Letzten Monat war es nur ein Einziger gewesen. Diese Woche waren es schon mehr als ein Dutzend.
Es passierte immer plötzlich. Sobald ich nur kurz wegsah, konnte es schon passieren, dass mein Gegenüber sich plötzlich verwandelt hatte. Von einer Sekunde auf die Nächste stand vor mir Hitler.
Ich konnte es mir nicht erklären. Zuerst traute ich meinen eigenen Augen nicht, ob das wirklich sein konnte. Ich befragte also das Internet: Ich fand heraus, dass es immer mehr Linksgrünen so ging wie mir. Im ganzen Land sahen die gutmeinenden Linksgrünen überall Hitler.
Als es mir das erste Mal passierte, fragte ich einen Bekannten, wie er denn zur Wahl von Friedrich Merz stand. Er antwortete mir, er sei zuversichtlich, dass Merz die CDU wieder in ihrem konservativen Profil stärken würde und nun eine Abkehr von der bisherigen sozialdemokratischen Politik denkbar sei.
BAM! Auf einmal sah ich Hitler direkt vor mir. Sein spitzer Schnurrbart wirkte sehr merkwürdig im Gesicht meines Gegenübers.
Ein paar Tage später warnte ich am Mittagstisch mit meinen Kolleg*INNEN vor der Klimakatastrophe und sprach von den bevorstehenden Kipppunkten. Als priviliégierte Weißen sollten wir darauf verzichten, noch mehr Kinder zu bekommen. Schließlich sei das ungerecht für die Länder des Globalen Südens, die viel weniger Klimaschäden erzeugen würden und trotzdem viel mehr betroffen seien. Eine Kollegin war empört und entgegnete: Deine Klimapanik geht mir zu weit. Den Klimawandel kann man nicht über Verzicht lösen, sondern nur über kluge Anpassung und technologische Weiterentwicklung.
BAM! Wieder sah ich vor mir plötzlich Hitler! Hitlers Bart stand mitten in ihrem Gesicht.
Dann wurde es immer schlimmer. Plötzlich waren alle SUV-Fahrer Hitler.
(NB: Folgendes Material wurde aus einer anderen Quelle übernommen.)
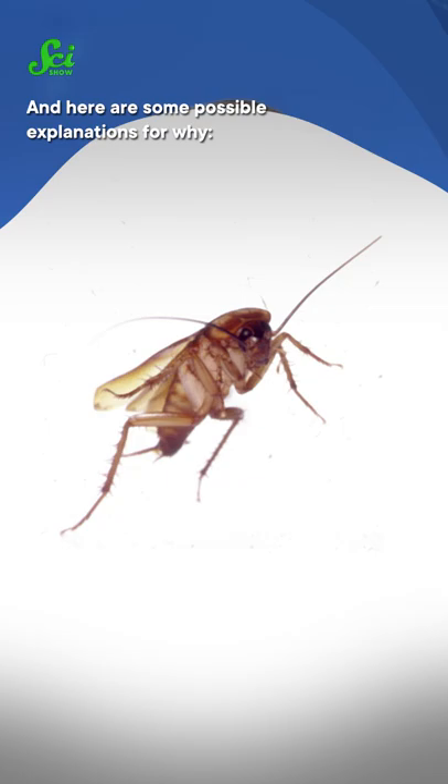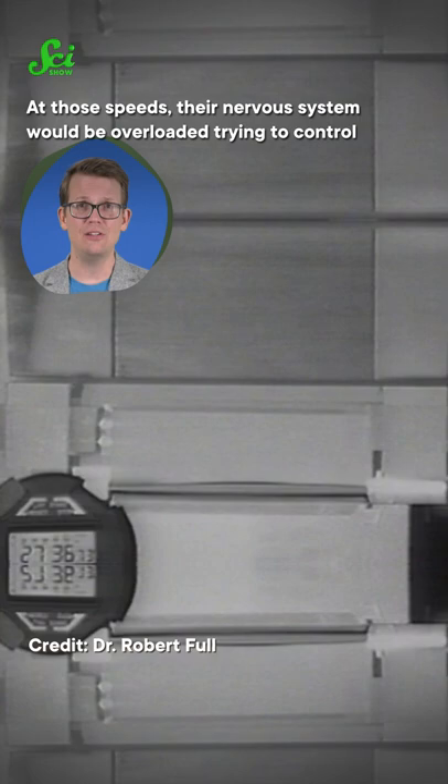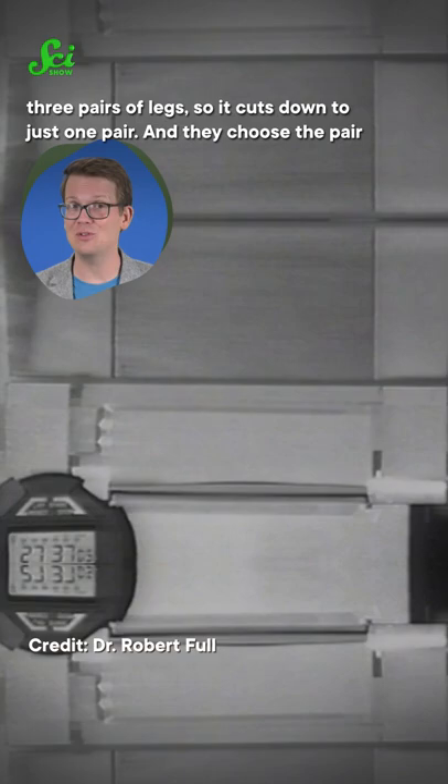Not all cockroach legs are created equal. Some of them are shorter, and basically create more drag than they are worth when the roach needs to reach high speeds. At those speeds, their nervous system would be overloaded trying to control three pairs of legs, so it cuts down to just one pair. And they choose the pair that uses the energy most efficiently — their rear legs.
Am nächsten Tag auch alle anderen, die immer noch in den Urlaub flogen und Fleisch essen wollten.
Ich war plötzlich umgeben von Hunderten Hitler; nun gab es kein Entkommen mehr.
Es war furchtbar, ich traute mich nicht mehr aus dem Haus und schloss mich im Badezimmer ein.
Völlig aufgelöst rief ich meinen Ehemann an: Ich schilderte ihm von meinen entsetzlichen Erlebnissen. Doch er konnte mir nicht helfen.
Er sprach davon, dass ich eine falsche Vorstellung von Hitler haben könnte. Vermutlich würde ich Leute mit anderen Ansichten zu unrecht als Hitler sehen. Er könne mir psychologische Hilfe holen. Ich konnte ihm kaum noch verstehen, seine Stimme veränderte sich und wurde immer schriller und zorniger: Ein bruchstückhaftes Durcheinander über die arische Rasse, von Volksverrätern, irgendwelchen Zionisten und den Kampf für das heilige deutsche Vaterland.
Erschrocken schaltete ich das Telefon ab.
Mir wurde schwindelig. Ich versuchte mich festzuhalten und sah in den Spiegel: Hämisch lächelnd sah ich die Fratze von Hitler direkt vor mir. Ich begann zu schreien.